Will there be a fourth-quarter stock market crash? That’s the big question.
Stocks were volatile during the second half of September. And since so many stocks are overvalued right now, it’s fair to say that we’re due for a modest correction at the very least.
This isn’t to say that stocks are guaranteed to plummet this quarter. But if that were to happen, it wouldn’t be shocking, and so it’s a good idea to be prepared for that scenario by knowing what not to do. Here are three major mistakes you should aim to avoid if stocks do indeed tank in the near term.
1. Selling investments out of fear
There’s one basic rule all investors should follow during a stock market crash — don’t sell unless there’s an absolute need. Sure, if your roof caves in and you need money in a pinch to fix it, and you have no cash at all in savings, then you may need to liquidate some stocks and lock in losses to cover that sort of expense.
But barring an extreme situation like that, if you pledge to leave your stock portfolio alone during a market downturn, you won’t lose actual money. All you’ll be looking at is a loss on screen (or on paper, if you’re old school like that).
2. Pausing your retirement plan contributions
When the stock market takes a tumble, it’s easy to assume that you should filter as much money into the bank as you can. But as long as you’re set with a decent emergency fund — one with enough money to cover three to six months of living expenses — then there’s no need to stick every dollar you don’t spend on bills into the bank.
In fact, tempting as it may be to pause your retirement plan contributions during a stock market crash, that’s actually a silly move. Both IRAs and 401(k)s offer nice tax breaks for making contributions, and that’s not something it pays to pass up.
3. Pulling away from investing altogether
You might think that when stocks are down, your best bet is to stay out of the market and do nothing. But while you don’t want to sell stocks during a market crash, you absolutely should not shy away from buying them.
If you load up on stocks when their value is down, you’ll have an even greater opportunity to make money. In fact, it’s a good idea to put together a list of stocks you’re interested in owning and pounce if their share prices tumble.
You can also try targeting specific market segments. For example, if you’d like to own more tech stocks, you can try loading up on them when stock values are down on a whole.
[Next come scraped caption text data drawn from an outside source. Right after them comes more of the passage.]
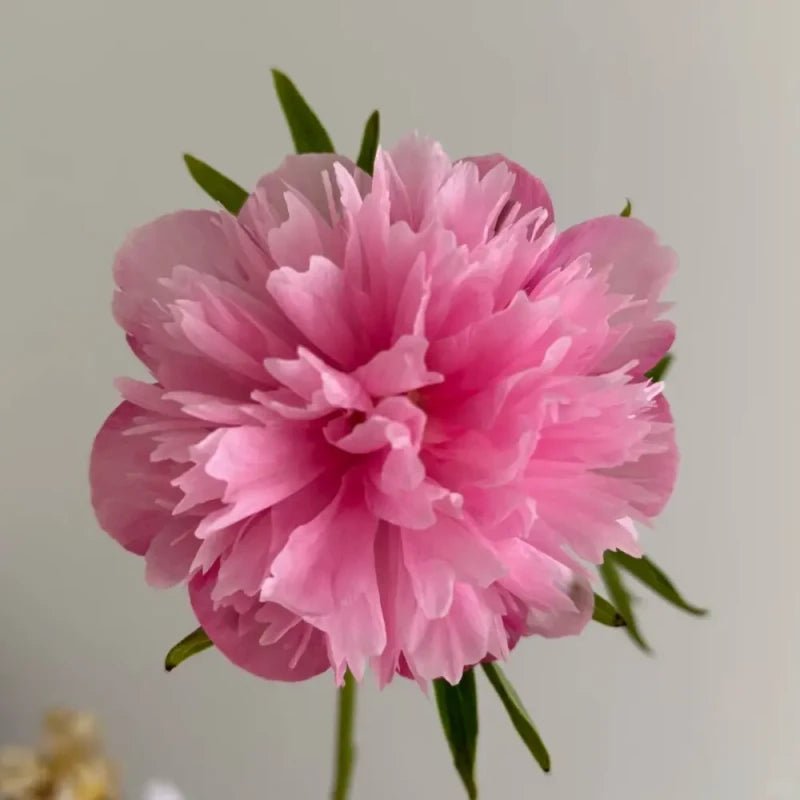 Clown Peony Seeds - Verdseeds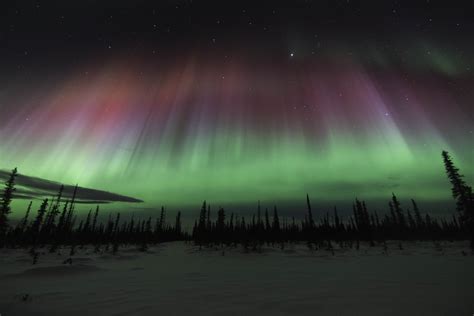 Get Mesmerized With The Northern Lights Of Alaska Found The World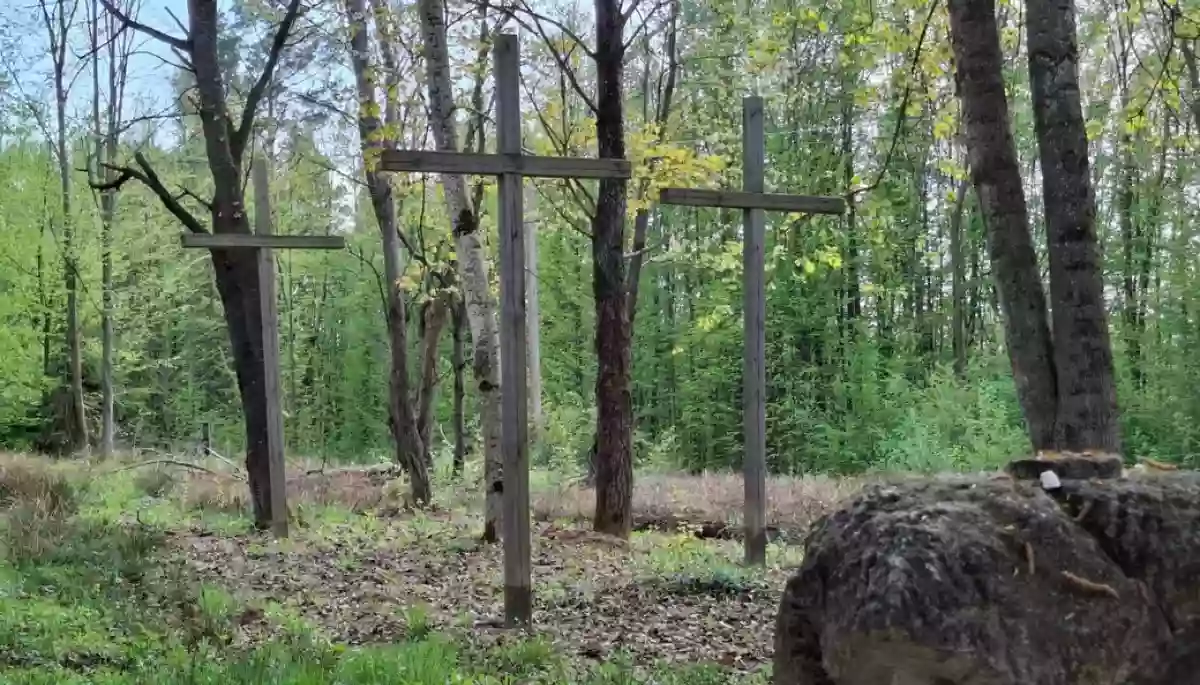 Мінкульт дозволив провести пошукові роботи в Тернопільській та Волинській областях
Stock market crashes can be scary, whether you’ve experienced them in the past or not. But the last thing you want to do is act irrationally when stock values slide and put yourself in a position to take losses or needlessly miss out on gains. It’s therefore best that you avoid these huge mistakes if things take a turn for the worse — whether that happens at some point this quarter or at another point in the future.